More than a decade back, while working in the telecom industry, I had an opportunity to be a part of a project on Location-based services, which was evolving at the point in time. The project was called as “Find my Teen”, which was following the concept of “Find me, Follow me” purely based GPS based location tracking measures. While it has become a very standard mechanism these days, it was cutting edge and research-oriented topics just a couple of decades back. Forwarding this to current context, pretty much every feature we use today using a digital device for fastest route to go to a place, how an Uber or Ola does most of its algorithm, fastest delivery mechanism are all based on how global crowd-sourcing of continuous data feed sent innocuously by the users of various apps and devices.
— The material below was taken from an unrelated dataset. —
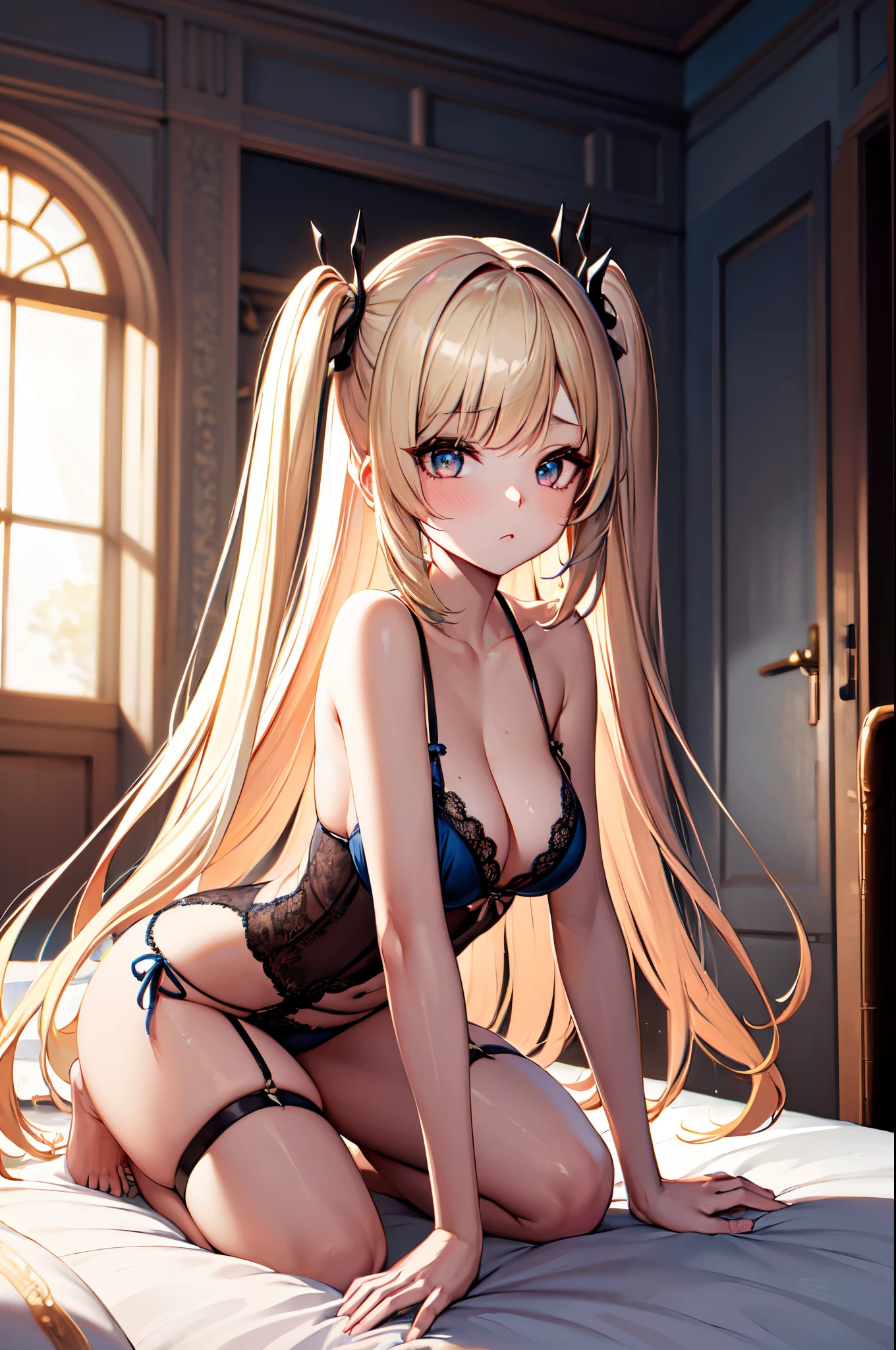 ((Best Quality)), (ultra-detailliert), ((Extremely detailed)), (Beautiful), ((Kawaii Girl)),  ((UHD)), (masterpiece), (high quality), (best quality), (4K), (high quality), 1, solo girl, 1girl, ((platinum blond hair)), parted bangs, ((hair intakes)), long hair, (hair two side up long), ((jade colored eyes)), slanted eyes, medium breasts, slender body, lite blue, doll trimmed with lace, side tie panties, garter belt, crawling position, bedroom,  backlighting, anime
Yes, this makes life a lot easier for many necessities of the modern world. However, what will happen if it is used incorrectly? 

Take the case of the WikiLeaks, Ed Snowden Case, Aadhaar Data Breach, Multiple instances of hacking and associated data breaches. Some are very sensitive, some are personal and some very discrete and affably image spoiling exploits. Leading security agencies across the world have tied up with the best and brightest in the world to build massive surveillance programs that make it hard for anyone to do anything remotely secret in a digital world. Digital forensics is eventuating to a whole new level, at least for the majority of the top surveillance agencies. Programs such as PRISM, XKeyScore, Tempora, MUSCULAR, Project 6, Lustre, Stateroom have made news in one form or other in the media. The Secure VPN based browser such as The Onion Router (TOR) has been compromised to remove the security layer out of the way to identify the identities of the users, like the full-body scan machines trialed for airport usage, raising some controversy.

There were major concerns raised by some countries to move away from the Internet as it was largely a US contribution to the world and the flaws that could be broken into, raising concerns. Some Governments have strict rules not to use applications, software, hardware, tools and services offered by firms from a country they have certain challenges with. EU has enforced GDPR laws, Russia has a rule to not let it’s citizen data reside in servers outside Russia are a couple of examples of Data protectionism. Given the nation-states have humongous power and muscle to do such a mass-scale, big-brother/big-boss style monitoring, how does it matter for global citizens and the general public? Take this as an example, as per an article published, China, which is leading the battle for facial recognition and computer vision supremacy is planning to take the citizen monitoring to a whole new level with a citizen score, purely based on past history and their mood. 
There are plenty of use cases available to use a simple Computer Vision, Facial recognition to finalize interviews, targeted advertising, as a bio-metric currency, Facial scans, Law and Order checks or a passport-less travel. This would be possible only with a cost. The cost of losing the right to own the data. Your data can be scattered over the net. A Tinder user asked for her data created on the site and she got an 800+ page reply. For Facebook, Twitter or Google, this can run into few hundreds of thousands or millions of pages in some cases. 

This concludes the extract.